There are a few themes I'd like to cover:
I'm not sure either of these are capable of settling the issue:
"One is simple empiricism. Many women who miscarry feel something like bereavement, which suggests they regard a foetus as something like a living being - not as much so as an actual child, perhaps, but certainly more than just a bundle of cells."
Two points here:
- I have no desire at all to, in any way, play down the trauma of a miscarriage. I entirely believe it is about as tragic a thing as can happen to a person. However, I would think that people find it incredibly upsetting to lose their ability to have a child as well.

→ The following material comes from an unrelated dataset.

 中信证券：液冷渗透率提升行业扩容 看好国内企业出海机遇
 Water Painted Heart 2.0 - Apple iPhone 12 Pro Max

Without entering into the ugly process of comparing grief it seems plausible that those who suffer a miscarriage mourn the loss of an expected child rather than the death of the fetus itself.
- If we are to decide the value of a foetus based on some people's subjective upset at losing one then we have to accept that the argument cuts both ways. Those fetuses that are not valued (those that the mother wishes to abort) have no value.
"The other is that a foetus can be regarded as a call option upon a human being. If human beings are valuable, an option on them must also have value - though again, less than that of a full human."
I'm not quite sure on this one. After all, every sperm has some potential to become a human. Valuing such potentials seems so complex that I'm not sure it can translate to abortion policy. Does the "value" of a fetus translate to the 'on'/'off' quality of inalienable human rights? If not, how do we translate such values to policy?
I have a friend who thinks abortion should be taxed. Is that the logical conclusion of Chris's position? It's an interesting moderate stance.
The extremism with which both sides express themselves, their mutual loathing for each other, is offputting. However, I'm always loathe to condemn those who feel certain about the issue. After all, one group believe that their opponents are endorsing rape, the other that their opponents are legitimising murder. If you hold either belief it seems understandable to get pretty angry about it.
However, what does surprise me is that the pro-choice camp, in particular, don't seem to be trying very hard to appeal to the median voter. The one thing I want to know is this: what use do people have for a post-20 weeks abortion?
I mean, it seems quite plausible that people will make the decision at a pace such that they're pretty much evenly likely to get in trouble and miss the deadline whenever it is set. They'll respond rationally to the deadline.
This seems like such a basic question but I've yet to find an answer. When I click for 'More Information' on the Coalition for Choice website all it gives me is a list of things they want. Nothing about why.
On the other side, I guess the pictures of fetuses that the pro-life movement use are effective but I find them distasteful. They're too similar to the pictures of animals that the animal rights movement uses. Trying to play on simple visual cues that have no deeper meaning. It strikes me as crass.
I'm the median voter on this issue but, of all the countless articles I've read, not more than a handful seem to be appealing to people like me who are uncertain - the vast majority seem to be out to get their own side angrier instead.
The crux of the issue
I really don't think this debate can effectively be settled without answering two simple, but also impossible, questions: What quality makes a human worth the unique protection of basic rights? When does a fetus develop that quality?
I can't believe that a woman has a right to choose to kill a baby. However, I think they absolutely have the right to choose whether or not to keep a fetus. That's the divide. Plain and so far from simple.
I don't believe anyone really has an answer to the first or second questions. The first must, I'm sure, have something to do with the mind; with our status as thinking beings. The second cannot be answered with so fuzzy an answer to the first. All I'm really confident of is that it happens at some point between conception and birth.
Until recently I was of the opinion that with so little certainty the best solution was simply to defend the status quo. Not because I think viability is even particularly important but just for stability's sake. On simple conservative grounds that poorly thought out change tends to make things worse.
Where I am right now
You know the argument that most convinced me?
This one. While I don't know when a fetus becomes a baby, I'd rather err on the side of caution and not have the most liberal limit in Europe. As such, I'd support tightening the limit, I think.
Here's a balance though; what if we tightened the limit and also removed the two doctor rule? That way we'd remove the unpleasantly arbitrary quality of the current system. That would seem like a decent way for both sides to take something from the present process.